The claim story given to the solicitors was based on cases financed by ITIC. The scenario considered by the solicitors involved a sale and purchase broker. The broker claimed it had introduced the principals and had undertaken the original groundwork towards the deal.
The broker claimed it had then been cut out at the last minute and replaced with another broker who simply “tied up the loose ends”. The sellers denied they had any commitment to the brokers. The amount of the claim was stated to be about £300,000 ($513,438).
This scenario was not a “cost heavy” case. A dispute of this nature is likely to involve no more than a couple of witnesses and an expert giving evidence on each side.
ITIC asked the solicitors to assume such would be the case. ITIC also specified the documentation involved, and therefore the cost of the disclosure process, would be relatively modest – approximately three lever-arch files of documents containing printed copies of emails and the like.
The exercise concluded the average estimate for what the broker would pay in legal costs to bring its claim through to the end of a trial was £177,163 – 60% of the amount at stake.
Under the English legal system, a losing party is responsible for the opponent’s costs. ITIC asked the solicitors to estimate the potential liability if the broker lost the case.
In practice, costs liability is influenced by Part 36 Offers, but the survey asked the effect of these be ignored and the basic figure given. The solicitors estimated the likely additional liability if the broker lost would amount to £139,687.
This would bring the total costs liability faced by the broker to £316,850 – more than the amount at stake. As one solicitor commented: “The one conclusion to draw from the above figures is that, for a claim of $500,000 commission, you really should be looking to resolve the dispute amicably.”
The length of responses ITIC received varied from a simple estimate to a step-by-step analysis. In the “ballpark” category, one firm commented: “Our very rough rule of thumb is it will currently cost a client £100,000 for each day of the hearing/trial to take a matter from the start through to a hearing.”

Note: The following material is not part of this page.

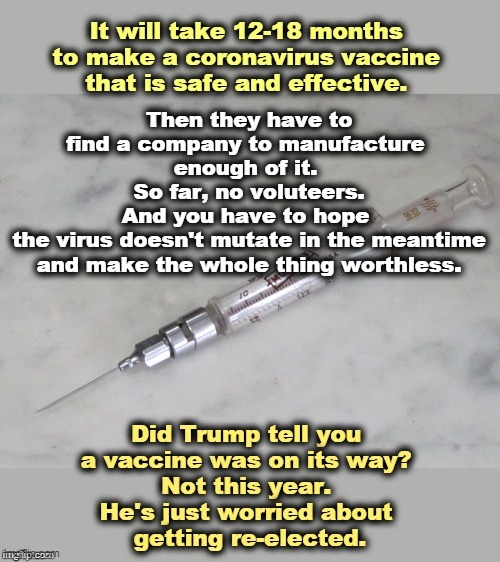 About this vaccine | image tagged in trump,coronavirus,covid-19,vaccine,lies,election 2020 | made w/ Imgflip meme maker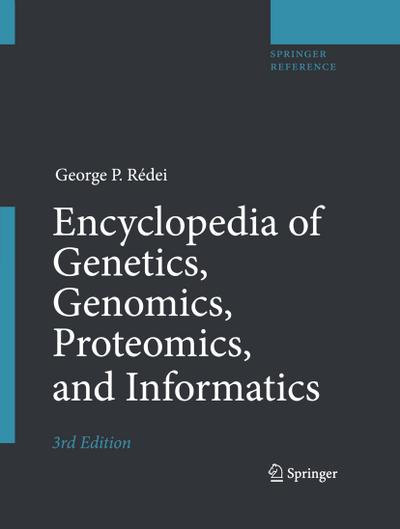 Encyclopedia of Genetics, Genomics, Proteomics, and Informatics (Springer Reference) - George P. Rédei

Producing cost budgets is now very much part of litigation and the majority of responses included a detailed breakdown of the various stages of the litigation process. In time, this budgeting of legal costs will lead to greater discussion of fee arrangements, but the purpose of the survey was to provide an overall figure for ITIC’s members to use when considering their cover requirements.
The nature of the business conducted by ITIC’s assureds is global, and arbitration is a common form of dispute resolution. A number of the respondents commented on the increased costs involved, a typical assessment being £45,000 for the arbitrators’ fees and £4,000 for room hire.
The claim scenario given to the solicitors was a relatively simple case and there are inevitably many factors which could distort (and especially increase) the costs.
For example, one respondent commented: “The estimates assume all the witnesses speak English and the documents are in English. If translators are involved, you need to add about £10,000 on to the figures for the translations.”
The figures provided by the lawyers should therefore be regarded as a starting point when considering the level of cover needed to fund a case going to litigation.
Comparatively few cases proceed all the way to trial and many will settle at an early stage, often without the need for formal legal proceedings.
But it is important brokers and other intermediaries have a sufficient level of cover to fund the matter going to litigation and access to debt collection cover which pays not only for the intermediary’s own costs but also for potential liability to opponents.
Andrew Jamieson is a barrister, and claims director and legal adviser, at ITIC.